Over the years, Pugwash conferences have promoted constructive dialogue on sensitive matters of international security. They have involved influential scientists and public leaders from throughout the world, even from countries that do not necessarily enjoy friendly relations with each other.
This year marks the fiftieth anniversary of the Pugwash Conferences on Science and World Affairs. It is thus fitting for you to reflect on Pugwash’s contribution to the cause of world peace, and to the challenges ahead. It is also an opportunity for all of us to reflect on the importance of disarmament, dialogue and cooperation in creating a more secure world.
In 1946, the very first resolution of the United Nations General Assembly called for the elimination of all major weapons “adaptable to mass destruction”. Since then, the United Nations, together with crucial civil society partners like Pugwash, has been working towards the objective of ridding our world of all weapons of mass destruction.

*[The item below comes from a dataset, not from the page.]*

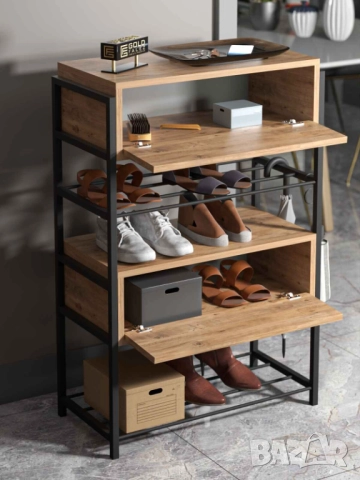 Шкаф за обувки с 4 рафта и 2 врати/ Етажерка за обувки/ Рафт за обувки, снимка 6 - Шкафове - 52154159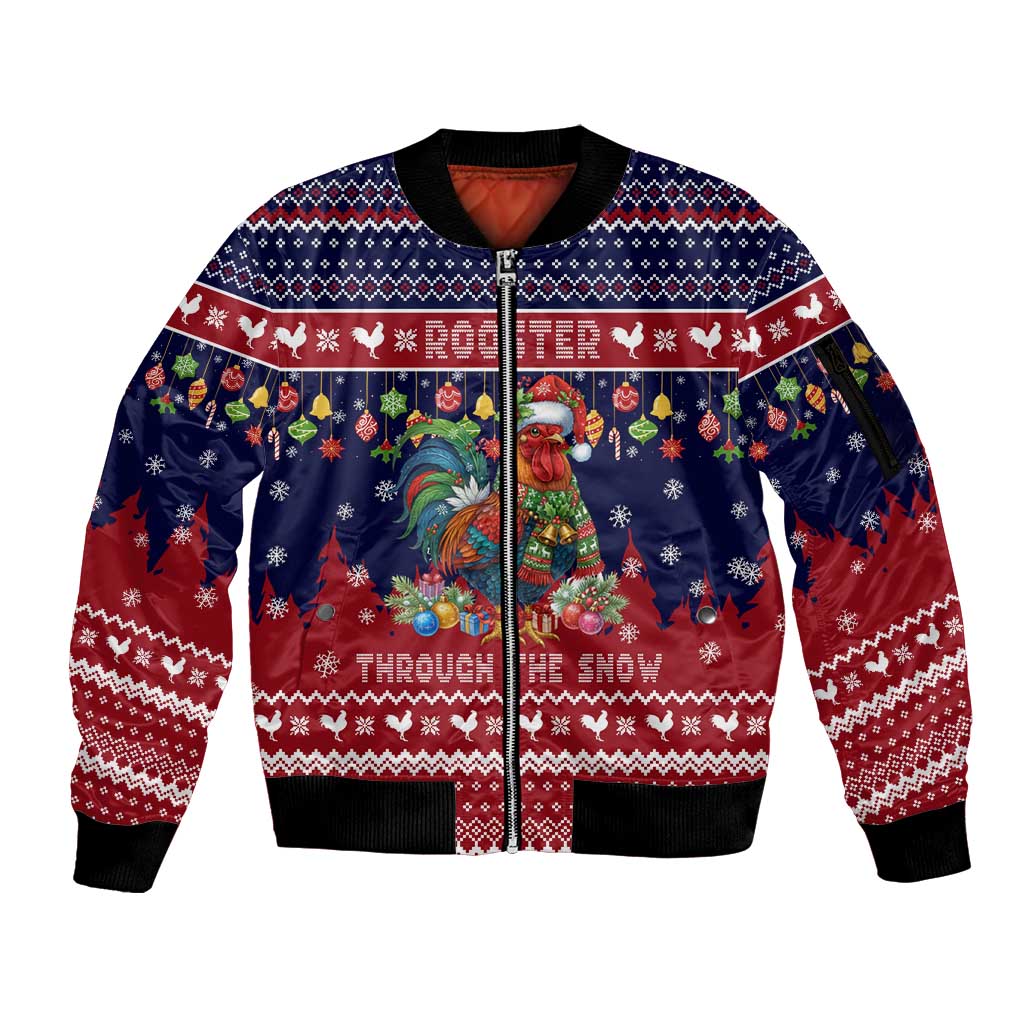 Rooster Through The Snow Christmas Sleeve Zip Bomber Jacket Xmas Holiday Patterns - Wonder Print Shop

We have much in common. We share a global approach to promoting disarmament and non-proliferation issues. We pursue similar aims of dialogue, peace and security. Both our institutions have received the Nobel Peace Prize for efforts in these areas.
Yet, there is no room for complacency. Developments in science and technology are raising hopes that new innovations could contribute to improving the quality of life of people throughout the world. But, at the same time, developments in various fields of weaponry remind us of the potential devastation from the use of weapons of mass destruction, and the very real threat they pose to all of humanity. Many such weapons remain, amid persisting risks that they may be acquired by additional States or non-State actors. Disarmament must remain at the top of our agenda.
I hope that, at this gathering, you will be able to identify specific contributions that the international community and the United Nations can make towards advancing the goal of eliminating the world’s most deadly and indiscriminate weapons. In that spirit, please accept my best wishes for a successful conference.